Been missing the Digital Switchover? Good news! There is going to be another
I must admit that I have been occasionally called to task to when I posted here on UK Free TV some possible changes to the Freeview transmission frequencies for around 2018. It does rather seem as if this warning was as accurate as it was well intentioned.
The "700" band.
Going back to the May 2012, I introduced Ofcom channel bingo II - introducing the bands.
"These international developments are important because mobile spectrum needs to be used internationally to provide the economies of scale required to ensure a wide availability of devices at reasonable cost." … "EU states to … make the 700 MHz band available for mobile data use by no later than 2022" 
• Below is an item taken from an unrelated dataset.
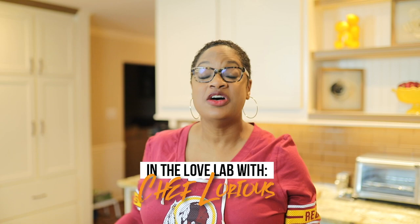Hello, welcome back to Calabama Cooking. I'm Chef Laurius. Thank you for joining me today.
What does this mean for the viewer?
In the end, it should mean more-or-less the same Freeview service for most homes.
One thing is certain, and that is Ofcom "will not seek to ensure the continued delivery of the interim multiplex", so that will be the end of the extra Freeview HD services.
Because there will be a need to provide the same TV services in less broadcast frequencies there may be some knock-on effects. This MAY include moving the COM multiplexes to DVB-T2 transmission, so they will only work with Freeview HD boxes.
The change in frequencies may also need some homes to change their aerials (to wideband, if they don't have them) and very tiny number may need the "4G" filters.
Looking at the Arqiva indicative timescales 
It would seem that switchover events might take place in 2018.
Will this be the last change?
"The report also recommended that the 470 MHz -694 MHz band continue to be reserved for terrestrial broadcasting and PMSE until 2030" so it could be that there will be more changes in the coming decade.
What does this mean for the broadcasters?
The following diagram shows how the main Freeview masts operate.
The preferred plan that Ofcom has indicated is the Arqiva "Reduced Scope’ Solution (RSS) plan.
This will mean that some reduction in DTT power output levels will be acceptable whilst the services are moved to the reserve (in the sense of a "backup") outputs. Whilst the reserve is in use the primary systems will be change to operate on the new frequency allocations.
Once the national "clearance event" happens, the backup transmitters will be change to work on the new frequencies. The obvious issue here is that the DTT system will be running without a backup – at least from some masts for some time.
Keeping the backup systems in place would require the provision of up to 21 temporary masts. Given that the whole network of transmitters is still less than a decade old, it might be reasonable to think that the system will operate OK without the backups.